Come si evince chiaramente dalla lettura della norma, si tratta di disposizioni dettate per consentire al soggetto cedente di valorizzare al massimo le partecipazioni detenute, senza dover forzatamente rientrare in rigidi schemi negoziali; è ragionevole ipotizzare che tale scelta si spieghi con la consapevolezza del legislatore di non dover ulteriormente penalizzare le imprese pubbliche interessate dal nuovo dettato normativo.
4 Le sanzioni
Qualche considerazione conclusiva in ordine alle sanzioni previste dall’art. 13 nel caso di inottemperanza agli obblighi dallo stesso previsti al termine del periodo transitorio.
Riguardo alla sanzione della nullità, prevista dal quarto comma per i contratti conclusi successivamente all’entrata in vigore del decreto, poco si ha da aggiungere rispetto a quanto a suo tempo osservato (58) . Ci si limita a registrare positivamente il fatto che, rispetto alla prima stesura, si sia inteso attenuare la portata della sanzione, limitandola ai contratti di nuova stipulazione.
Il comma terzo dell’art. 13 prevede ora, per i contratti in essere (59), la perdita di efficacia delle attività non cedute o scorporate alla scadenza del termine di dodici mesi indicato nel primo periodo dello stesso comma terzo.
Il contratto inefficace è un contratto valido, che, tuttavia, non produce più effetti giuridici (60); il contratto valido è infatti il contratto che risponde alle prescrizioni legali, mentre l’efficacia attiene invece alla produzione dei suoi effetti (ciò deriva dalla distinzione tra contratto come atto e contratto come rapporto, ossia il rapporto contrattuale: esso consiste nell’esercizio dei diritti e nell’adempimento delle obbligazioni che nascono dal contratto (61)).
Alla inutile scadenza del termine dei dodici mesi, pertanto, il contratto relativo all’attività non consentita non avrà più efficacia vincolante tra le parti, che non dovranno più eseguirne le obbligazioni.
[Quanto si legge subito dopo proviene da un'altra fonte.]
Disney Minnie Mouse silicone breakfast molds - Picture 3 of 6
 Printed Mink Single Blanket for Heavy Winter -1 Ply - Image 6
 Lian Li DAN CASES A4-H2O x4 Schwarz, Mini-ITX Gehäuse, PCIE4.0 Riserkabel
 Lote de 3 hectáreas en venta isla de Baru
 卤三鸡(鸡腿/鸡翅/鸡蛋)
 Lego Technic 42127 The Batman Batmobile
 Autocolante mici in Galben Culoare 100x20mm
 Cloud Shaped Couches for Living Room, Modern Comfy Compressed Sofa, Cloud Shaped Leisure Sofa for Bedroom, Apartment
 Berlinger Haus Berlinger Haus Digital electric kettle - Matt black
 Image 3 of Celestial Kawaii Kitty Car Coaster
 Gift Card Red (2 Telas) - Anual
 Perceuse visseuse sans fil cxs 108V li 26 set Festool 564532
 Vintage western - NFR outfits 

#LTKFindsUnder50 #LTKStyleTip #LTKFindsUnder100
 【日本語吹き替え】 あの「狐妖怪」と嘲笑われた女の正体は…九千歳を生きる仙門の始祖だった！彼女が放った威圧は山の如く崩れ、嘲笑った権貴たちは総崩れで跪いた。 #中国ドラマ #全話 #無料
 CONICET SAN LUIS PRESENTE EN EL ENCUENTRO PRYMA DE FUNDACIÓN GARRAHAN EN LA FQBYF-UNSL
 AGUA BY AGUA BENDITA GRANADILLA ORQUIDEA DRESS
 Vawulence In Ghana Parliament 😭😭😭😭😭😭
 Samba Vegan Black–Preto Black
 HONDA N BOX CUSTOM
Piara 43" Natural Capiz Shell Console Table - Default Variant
Si tratta, quindi, di una sanzione la cui attuazione, pur doverosa ed ineludibile, è lasciata alle parti del contratto, non sussistendo più la possibilità, come nella prima stesura della norma, che le parti medesime siano lasciate in balìa di qualsiasi terzo reputasse di avere un interessa a far dichiarare la nullità del rapporto.
Note
(1) “Profili problematici dell’art. 13 del D.L. 4 luglio 2006, n° 233, in tema di affidamenti in house”, in questa Rivista.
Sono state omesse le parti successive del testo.